┌─ DATA FOR ANALYSIS

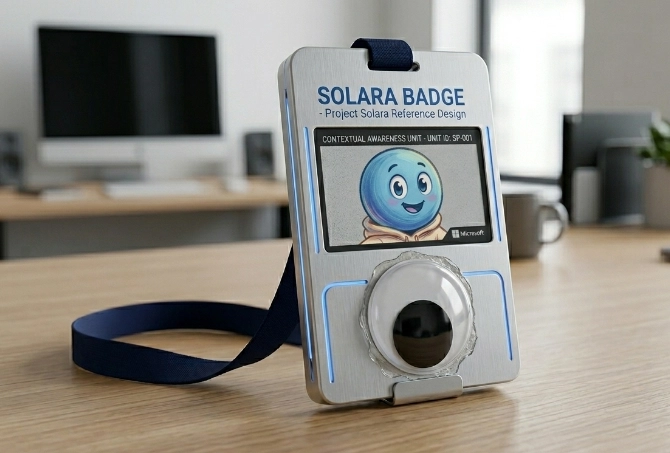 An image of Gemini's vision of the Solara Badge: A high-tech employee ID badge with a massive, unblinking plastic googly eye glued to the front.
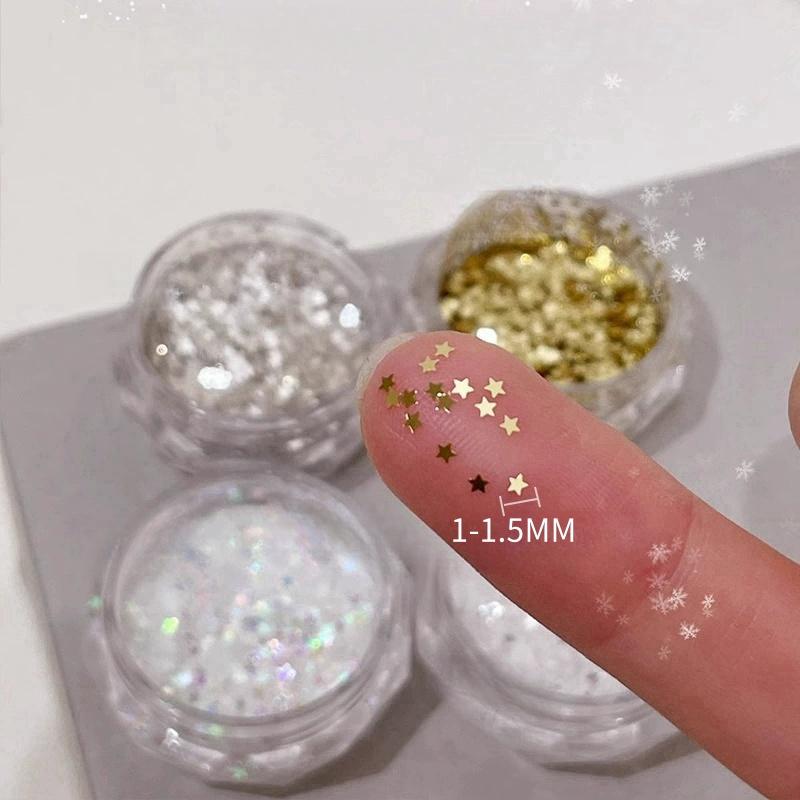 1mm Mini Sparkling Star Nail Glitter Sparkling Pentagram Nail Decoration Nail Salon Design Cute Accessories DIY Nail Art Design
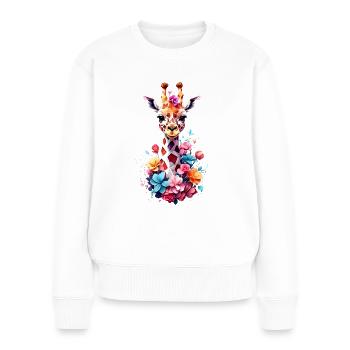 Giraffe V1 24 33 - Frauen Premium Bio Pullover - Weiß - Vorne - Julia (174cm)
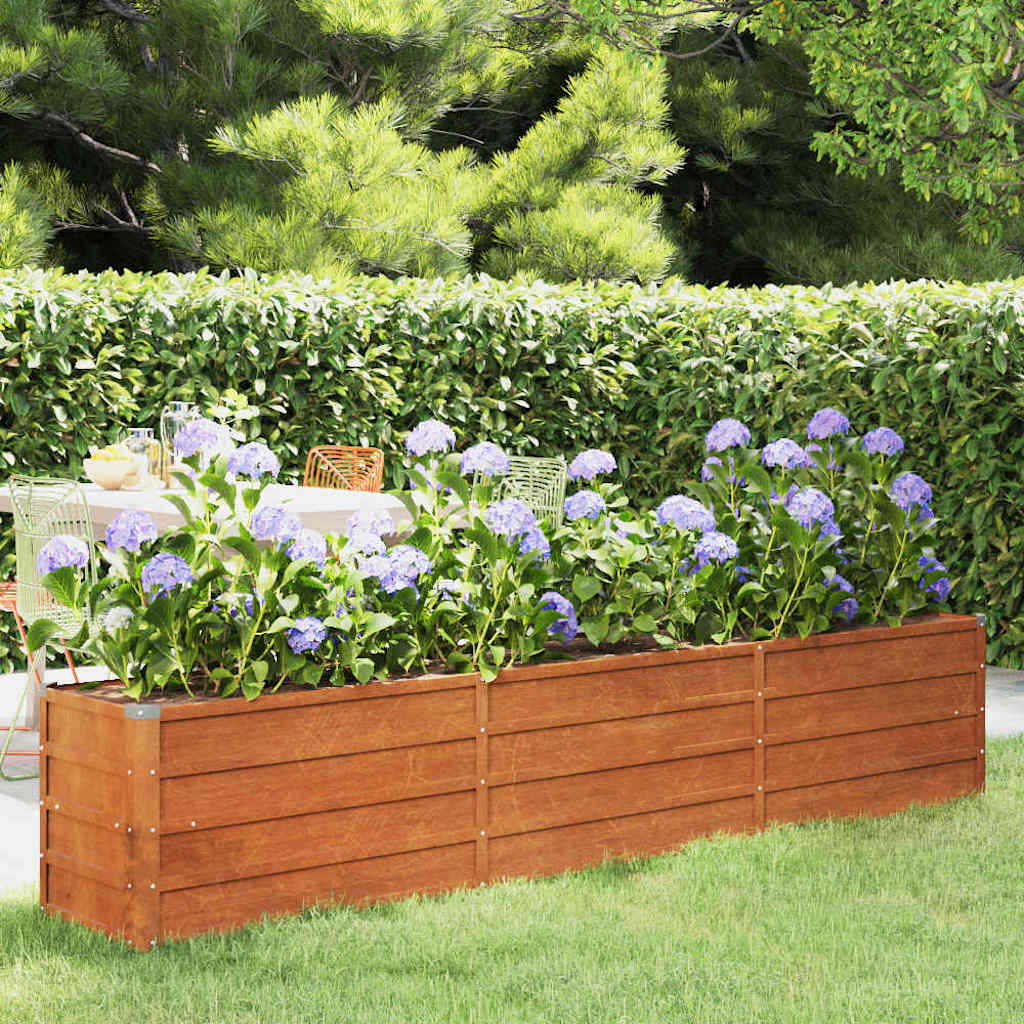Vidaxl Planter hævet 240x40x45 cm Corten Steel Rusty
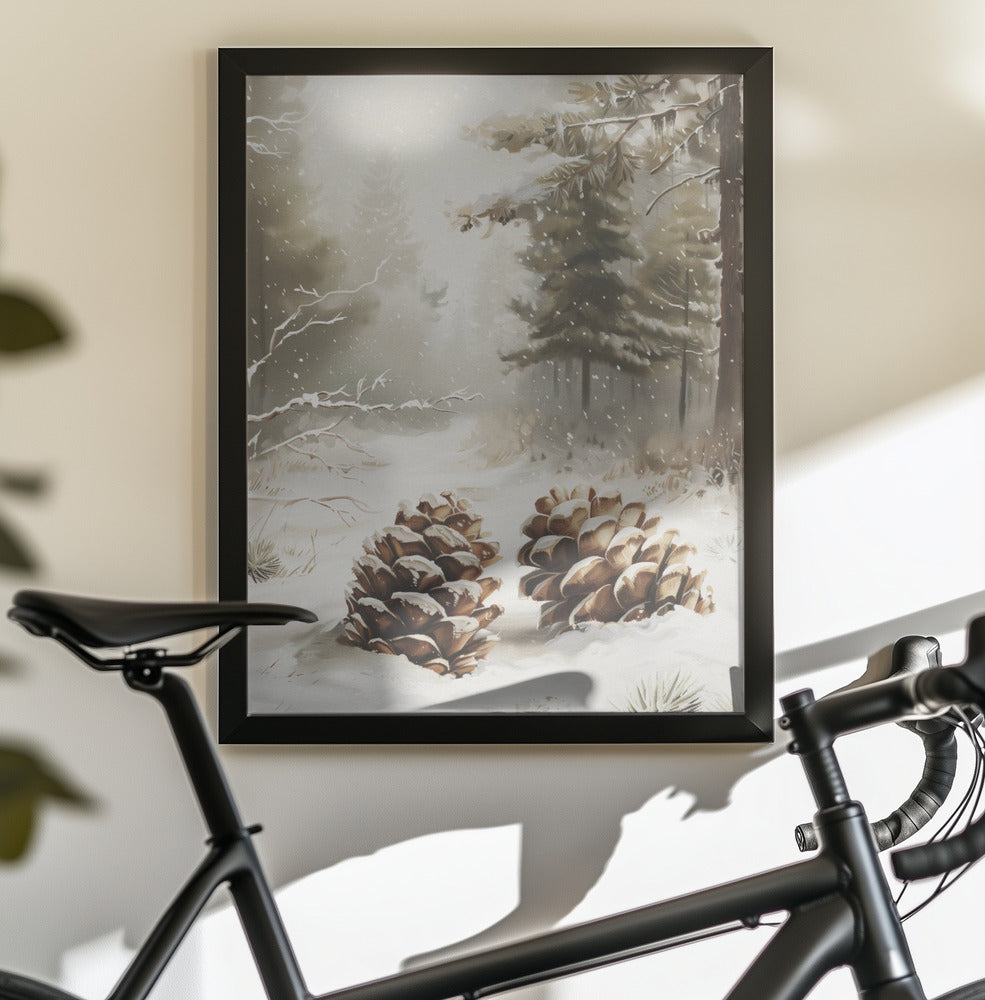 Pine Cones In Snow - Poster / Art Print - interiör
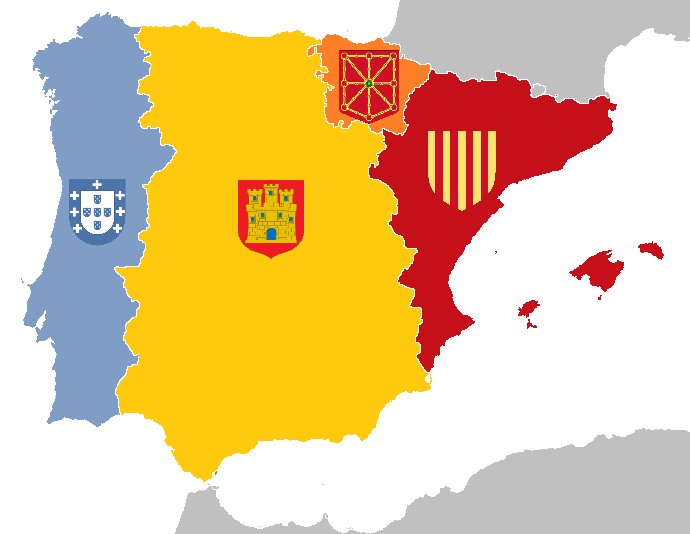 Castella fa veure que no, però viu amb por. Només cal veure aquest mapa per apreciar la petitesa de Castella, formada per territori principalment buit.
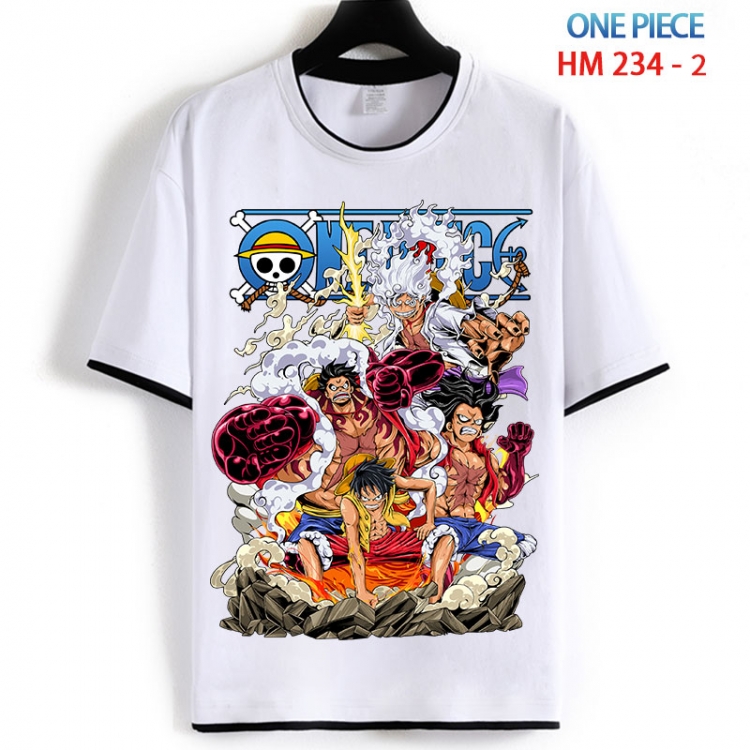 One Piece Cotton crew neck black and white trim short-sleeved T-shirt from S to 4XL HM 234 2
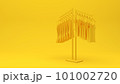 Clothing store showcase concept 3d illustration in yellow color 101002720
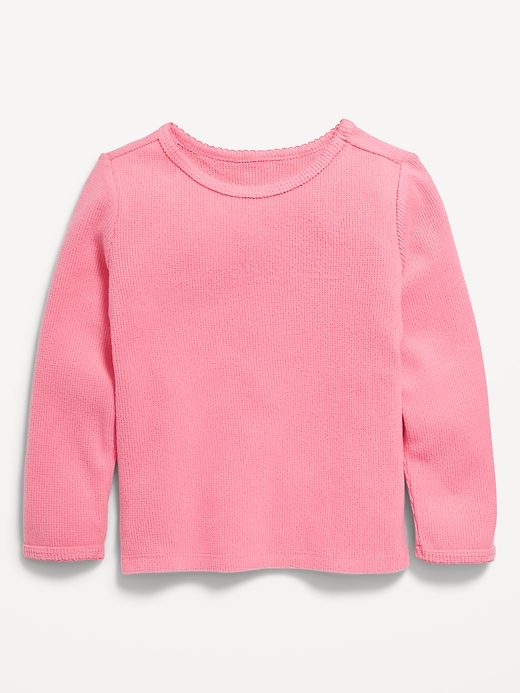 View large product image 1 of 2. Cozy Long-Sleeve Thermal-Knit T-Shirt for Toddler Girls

└─

TO DO
In the data above, find the line containing "1mm Mini Sparkling" and the line containing "Vidaxl Planter hævet". Copy exactly the stretch from the first through the second, both included, leaving out any picture.

OUTPUT FOR THIS EXERCISE
 1mm Mini Sparkling Star Nail Glitter Sparkling Pentagram Nail Decoration Nail Salon Design Cute Accessories DIY Nail Art Design
 Giraffe V1 24 33 - Frauen Premium Bio Pullover - Weiß - Vorne - Julia (174cm)
Vidaxl Planter hævet 240x40x45 cm Corten Steel Rusty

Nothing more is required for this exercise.